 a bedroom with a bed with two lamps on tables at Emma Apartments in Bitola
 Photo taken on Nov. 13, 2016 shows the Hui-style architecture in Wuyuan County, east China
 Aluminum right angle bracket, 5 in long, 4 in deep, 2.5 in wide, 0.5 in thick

..........

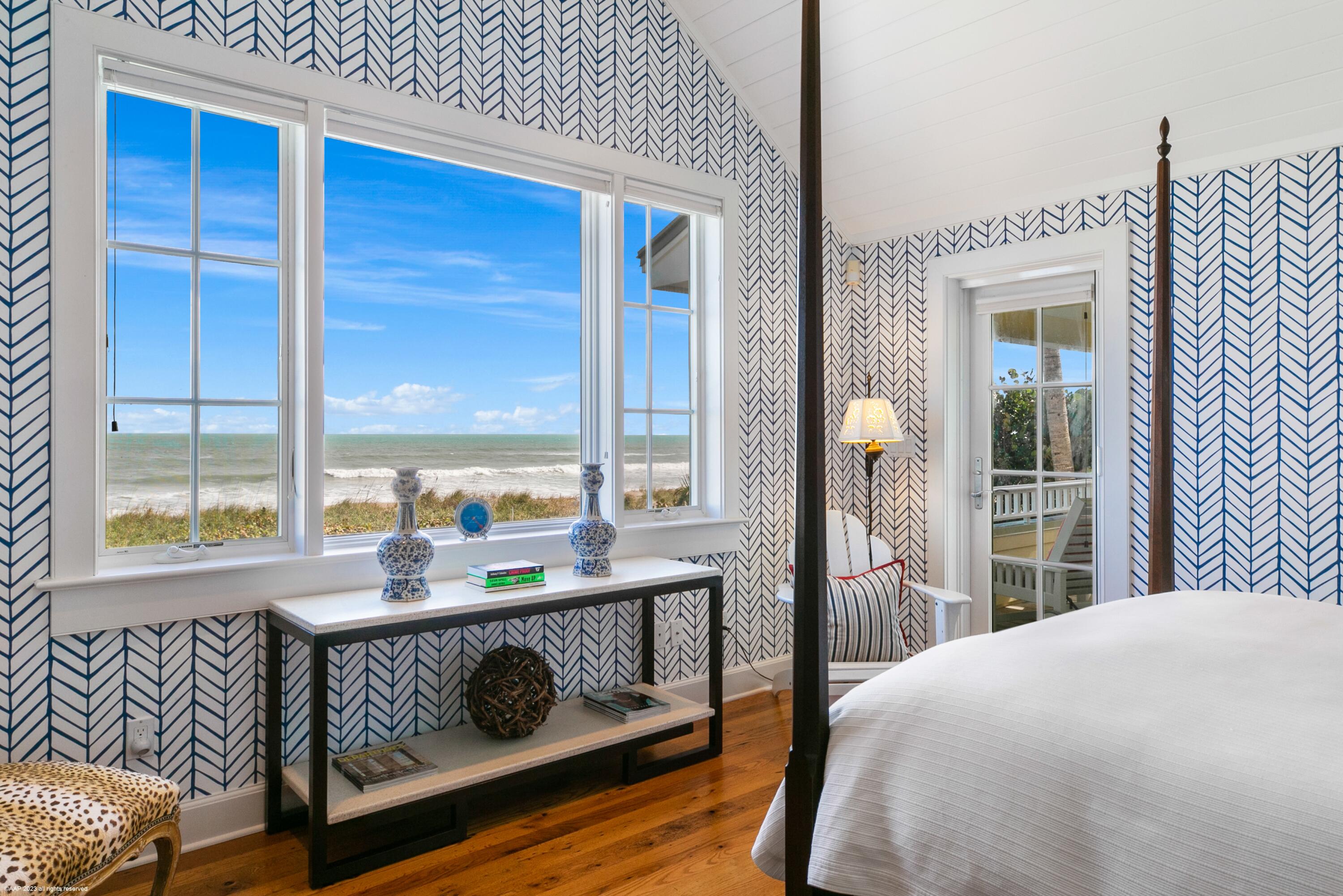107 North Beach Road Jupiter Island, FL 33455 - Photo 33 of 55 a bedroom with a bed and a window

..........

• **YOUR INSTRUCTIONS**:
Would you quote everything above from the line containing "a bedroom with a bed with" down to the line containing "Aluminum right angle"? Include both of those lines and nothing else.

• **TASK ANSWER**:
 a bedroom with a bed with two lamps on tables at Emma Apartments in Bitola
 Photo taken on Nov. 13, 2016 shows the Hui-style architecture in Wuyuan County, east China
 Aluminum right angle bracket, 5 in long, 4 in deep, 2.5 in wide, 0.5 in thick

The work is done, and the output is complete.